Summary: Justification by faith in Christ carries greater blessings that one could ever imagine.
Receiving a compliment from someone you know is a pleasant experience. It is a pleasant one not just because of the compliment per se, but the greater effects it brings to the receiver.
In the same manner, to be judicially declared righteous in the sight of God by virtue of union with Christ carries with it greater blessings one could ever imagine.
The Apostle Paul after explaining God's way of declaring believing sinner righteous in His sight (Rom 3:21-31), and illustrating it in the lives of Abraham (Rom 4:1-25), goes on to indicate the blessings involved of having been declared righteous before God.
I. Peace with God (v. 1)
The passage begins with an adverb "therefore". This is only suggests that Paul's discussion here is the outcome of his previous discussion. In other words, Paul sets the stage to enumerate the greater blessings accompanied in being declared righteous in God's sight, a doctrinal concept he has been explaining in the previous chapter of his epistle to the Romans.

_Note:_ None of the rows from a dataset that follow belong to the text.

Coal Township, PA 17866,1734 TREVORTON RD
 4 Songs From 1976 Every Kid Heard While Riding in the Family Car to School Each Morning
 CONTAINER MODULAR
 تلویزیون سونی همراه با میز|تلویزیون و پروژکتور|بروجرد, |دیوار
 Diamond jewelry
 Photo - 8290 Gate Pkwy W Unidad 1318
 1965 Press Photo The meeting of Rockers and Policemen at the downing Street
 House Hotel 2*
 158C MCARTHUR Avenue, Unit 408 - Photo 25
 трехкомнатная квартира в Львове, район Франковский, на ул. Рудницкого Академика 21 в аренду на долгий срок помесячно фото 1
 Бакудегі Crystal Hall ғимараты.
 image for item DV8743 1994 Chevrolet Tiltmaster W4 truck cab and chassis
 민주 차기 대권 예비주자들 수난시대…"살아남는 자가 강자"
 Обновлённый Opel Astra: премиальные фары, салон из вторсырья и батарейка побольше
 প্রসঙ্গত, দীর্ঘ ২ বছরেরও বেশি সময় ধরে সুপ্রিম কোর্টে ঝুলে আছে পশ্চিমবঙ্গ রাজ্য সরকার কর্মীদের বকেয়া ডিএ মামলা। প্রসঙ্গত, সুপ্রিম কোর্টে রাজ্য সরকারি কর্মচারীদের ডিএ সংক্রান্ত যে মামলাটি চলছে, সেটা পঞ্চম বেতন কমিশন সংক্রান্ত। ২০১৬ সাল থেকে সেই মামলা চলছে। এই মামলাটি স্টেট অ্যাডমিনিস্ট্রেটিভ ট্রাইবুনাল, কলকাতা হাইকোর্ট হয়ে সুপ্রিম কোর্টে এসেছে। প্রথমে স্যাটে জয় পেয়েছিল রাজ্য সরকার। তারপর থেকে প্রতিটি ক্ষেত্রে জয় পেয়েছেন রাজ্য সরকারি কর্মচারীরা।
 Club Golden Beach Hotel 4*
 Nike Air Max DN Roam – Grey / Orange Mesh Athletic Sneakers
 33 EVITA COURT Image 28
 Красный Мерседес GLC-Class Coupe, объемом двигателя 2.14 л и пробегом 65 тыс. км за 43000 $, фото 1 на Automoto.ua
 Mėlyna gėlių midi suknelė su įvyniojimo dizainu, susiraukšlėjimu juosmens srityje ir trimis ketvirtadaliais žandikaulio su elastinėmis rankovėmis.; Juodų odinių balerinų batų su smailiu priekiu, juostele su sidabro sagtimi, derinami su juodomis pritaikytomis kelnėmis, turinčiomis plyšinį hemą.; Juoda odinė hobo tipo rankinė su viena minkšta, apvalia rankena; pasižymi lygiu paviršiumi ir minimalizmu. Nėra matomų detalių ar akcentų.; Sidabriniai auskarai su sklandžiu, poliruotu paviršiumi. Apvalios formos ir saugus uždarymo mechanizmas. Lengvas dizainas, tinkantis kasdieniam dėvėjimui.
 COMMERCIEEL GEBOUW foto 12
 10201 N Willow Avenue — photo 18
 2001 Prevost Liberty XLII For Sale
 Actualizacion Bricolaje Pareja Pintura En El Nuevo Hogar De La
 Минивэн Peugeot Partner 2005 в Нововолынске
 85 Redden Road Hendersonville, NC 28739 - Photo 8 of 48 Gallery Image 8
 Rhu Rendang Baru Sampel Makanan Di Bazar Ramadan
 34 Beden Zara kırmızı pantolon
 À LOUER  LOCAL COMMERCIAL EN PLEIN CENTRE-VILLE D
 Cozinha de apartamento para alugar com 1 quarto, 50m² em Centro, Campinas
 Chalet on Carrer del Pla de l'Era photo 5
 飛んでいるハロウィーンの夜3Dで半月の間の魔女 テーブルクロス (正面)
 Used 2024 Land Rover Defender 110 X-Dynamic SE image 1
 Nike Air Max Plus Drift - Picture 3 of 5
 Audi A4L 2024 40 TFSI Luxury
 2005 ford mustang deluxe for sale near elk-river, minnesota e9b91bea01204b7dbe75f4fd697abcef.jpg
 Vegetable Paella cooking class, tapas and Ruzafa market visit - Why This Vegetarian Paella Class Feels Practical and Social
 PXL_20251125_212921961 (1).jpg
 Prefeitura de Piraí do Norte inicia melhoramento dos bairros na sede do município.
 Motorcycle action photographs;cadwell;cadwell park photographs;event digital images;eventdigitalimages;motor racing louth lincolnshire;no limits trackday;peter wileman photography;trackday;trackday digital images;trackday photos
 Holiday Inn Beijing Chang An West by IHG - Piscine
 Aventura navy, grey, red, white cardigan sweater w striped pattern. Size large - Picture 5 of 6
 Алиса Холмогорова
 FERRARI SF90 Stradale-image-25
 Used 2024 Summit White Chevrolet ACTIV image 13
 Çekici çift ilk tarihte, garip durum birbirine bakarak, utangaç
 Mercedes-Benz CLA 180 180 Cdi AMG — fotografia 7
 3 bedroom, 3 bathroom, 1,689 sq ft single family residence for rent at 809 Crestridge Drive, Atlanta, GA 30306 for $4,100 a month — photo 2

The first from his list of blessing involved in justification by faith is peace-peace with God. The Apostle Paul was so unequivocal to declare that this kind of peace is with God, not "from" or "in" God. Therefore, this kind of peace is not psychological or internal state, rather a relational one.
The New Testament calls this concept of being at peace with God reconciliation (cf. Rom 5:10-11; 2 Cor. 5:18; Col 1:20-22). The word reconciliation is the English equivalent of the Greek word, katallage, which actually derived from the verb, katallaso, which means, “to exchange, reestablish, restore relationship, to make things right, to remove enmity.” When applied to believers’ relation to God, it simply means that the enmity between man and God which is caused by sin has been removed through the death of Jesus Christ. Therefore, we are no longer enemies of God but, through Christ, in favor of Him as stipulated in verse 2. To be in favor with God is to approach God freely without any fear of being rejected by Him.
II. Joy (vv. 2-3, 11)
The Apostle Paul mentions three elements of joy in this passage:
The first is the “hope of the glory of God”. That is, our confident expectation of the realization of God’s glory.
The second is “in our suffering”. If this statement seems surprising and strange for some of us, it would be proper to remind us that affliction and suffering are but natural experience of Christians (cf. Acts 14:22; Jas 1:2). Besides, Paul tells us that we are to rejoice in our suffering for it manufactures Christian virtues (vv. 4-5).
And the third one is “in God” Himself. The Apostle Paul is saying that we rejoice in God because in the first place it was Him who gave His Son so that through Him we receive reconciliation. For without the gift of His Son there would be no reconciliation.
Men and women alike pursue joy in every (wrong) avenue imaginable. Perhaps it would be easier to describe where joy cannot be found.
Not in Unbelief – Voltaire, a foremost unbeliever, wrote, “I wish I had never been born.”
Not in Money – Jay Gould, an American millionaire when he was about to die, said, “I suppose I am the most miserable man on earth.”
Not in Pleasure – Lord Byron, 18th century English poet who lived a life of pleasure, wrote poetically, “The worm, the canker, the grief are mine alone.”
Not in Position or Fame – Lord Beaconsfield enjoyed more than his share of both. Yet he wrote, “Youth is a mistake; manhood is a struggle; old age a regret.”
Not in Military Glory – Alexander the Great, after conquering the then-known world, wept in his tent and said, “There are no more worlds to conquer.”
Where then is the true joy found? The simple answer is in Christ alone!
The third item in Paul’s list is hope (v. 2).
Interpreters of the Bible are divided as to the exact meaning of this phrase. Some believe it refers to the literal unveiling of God’s glory at the end times which is frequently mentioned in the Old Testament. While others hold on the restoration of God-given glory in the believers (cf. Rom 8:18-25). But it would not presumptuous to say it may be both. For both are intimately connected. When God literally appears in glory we will also appear in glory –the glory which was lost because of sin but is restored through our union with Christ.
This hope is what fuels our faith at the present to face suffering and persevere up to the end. Such hope is not unfounded optimism like the story of a man who was sentence to death but obtained a delay of execution by assuring the king he would teach his majesty’s horse to fly within a year --- in the condition that if he failed he would be put to death at the end of the year. The man hoped that within a year a king may die, or he may die, or the horse may die. In a year, who knows? Maybe the horse will learn to fly!